* **Action item**: Emit a verbatim copy of the lines below from the line with "In this video, we're" through the line with "My name is Aaron", excluding pictures and everything outside that range.

* **Data records**:
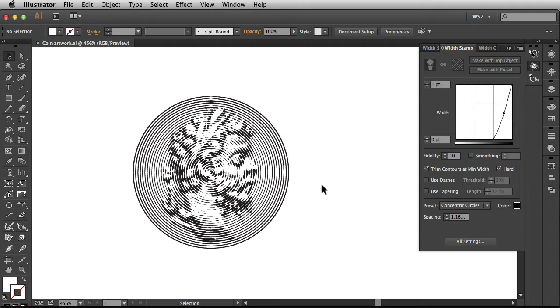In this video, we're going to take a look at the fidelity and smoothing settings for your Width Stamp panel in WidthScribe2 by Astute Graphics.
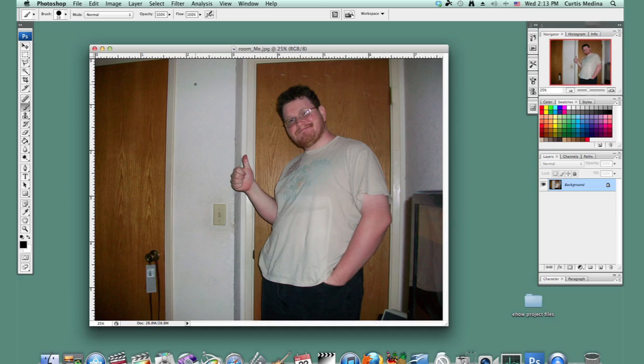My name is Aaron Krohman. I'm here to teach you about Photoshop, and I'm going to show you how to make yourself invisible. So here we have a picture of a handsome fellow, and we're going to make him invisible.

==

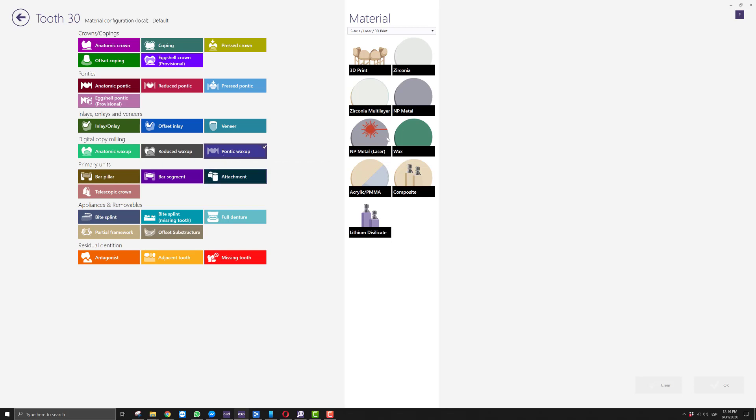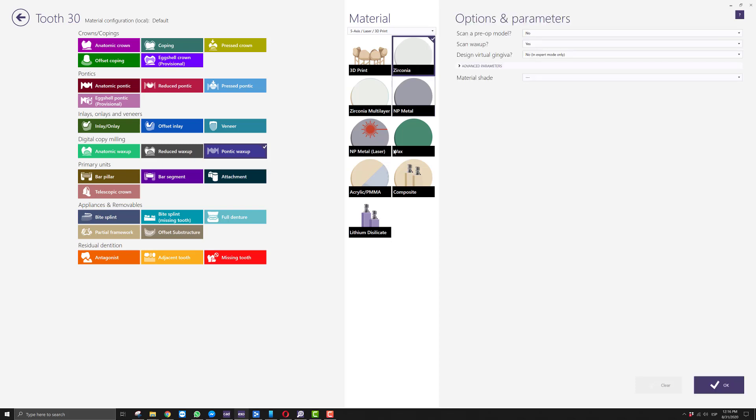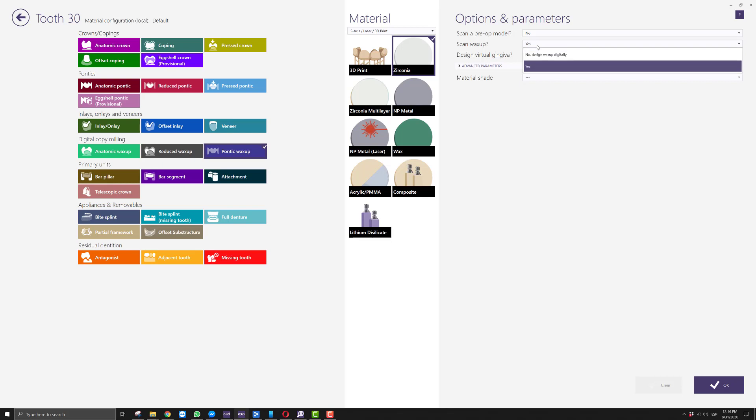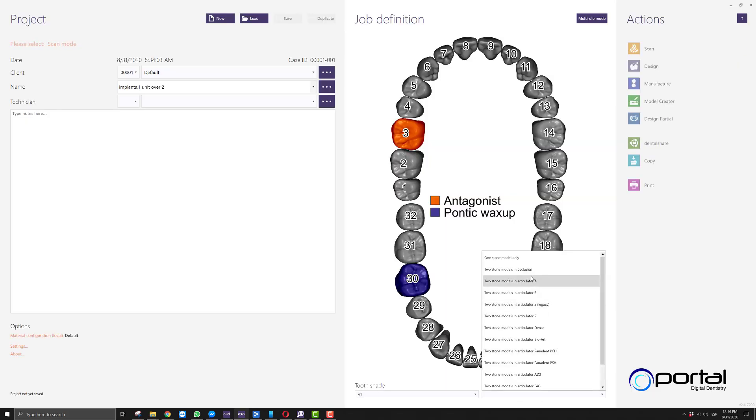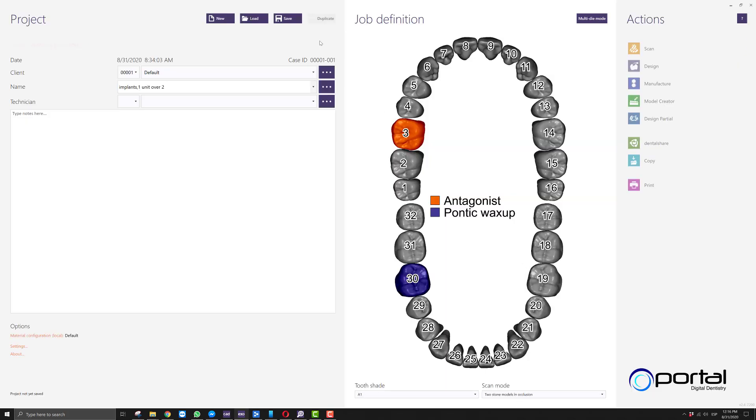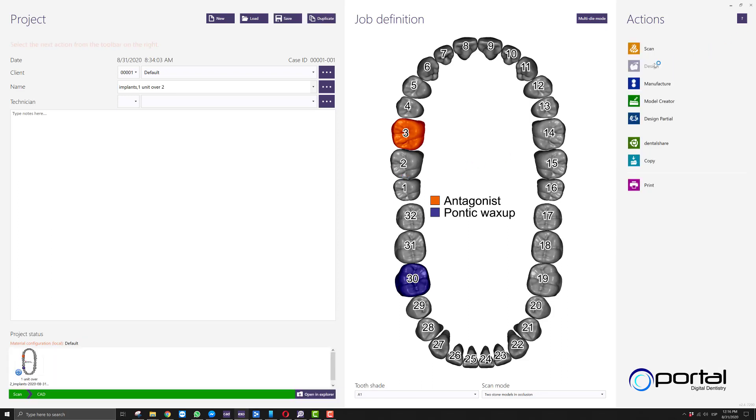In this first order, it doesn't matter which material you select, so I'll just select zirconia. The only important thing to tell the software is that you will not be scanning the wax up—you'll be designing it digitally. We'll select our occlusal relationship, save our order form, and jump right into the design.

==

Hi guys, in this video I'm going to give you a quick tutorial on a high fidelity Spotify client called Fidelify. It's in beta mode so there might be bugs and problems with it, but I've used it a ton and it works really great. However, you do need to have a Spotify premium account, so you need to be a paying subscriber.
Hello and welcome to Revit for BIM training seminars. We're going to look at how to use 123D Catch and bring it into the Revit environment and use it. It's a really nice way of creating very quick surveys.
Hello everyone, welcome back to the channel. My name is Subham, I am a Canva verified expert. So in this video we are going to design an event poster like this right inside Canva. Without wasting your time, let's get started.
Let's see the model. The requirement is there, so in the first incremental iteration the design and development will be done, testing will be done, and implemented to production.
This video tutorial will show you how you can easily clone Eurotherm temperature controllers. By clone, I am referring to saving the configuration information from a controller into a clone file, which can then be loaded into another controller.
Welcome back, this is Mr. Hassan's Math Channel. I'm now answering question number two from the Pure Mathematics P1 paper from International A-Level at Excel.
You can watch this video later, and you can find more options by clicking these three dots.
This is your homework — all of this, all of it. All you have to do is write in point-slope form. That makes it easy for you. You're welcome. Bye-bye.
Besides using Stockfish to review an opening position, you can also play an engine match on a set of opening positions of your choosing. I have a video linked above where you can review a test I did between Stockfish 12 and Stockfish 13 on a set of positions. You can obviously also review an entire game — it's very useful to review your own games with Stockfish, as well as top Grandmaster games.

* **Result of the exercise**:
In this video, we're going to take a look at the fidelity and smoothing settings for your Width Stamp panel in WidthScribe2 by Astute Graphics.
My name is Aaron Krohman. I'm here to teach you about Photoshop, and I'm going to show you how to make yourself invisible. So here we have a picture of a handsome fellow, and we're going to make him invisible.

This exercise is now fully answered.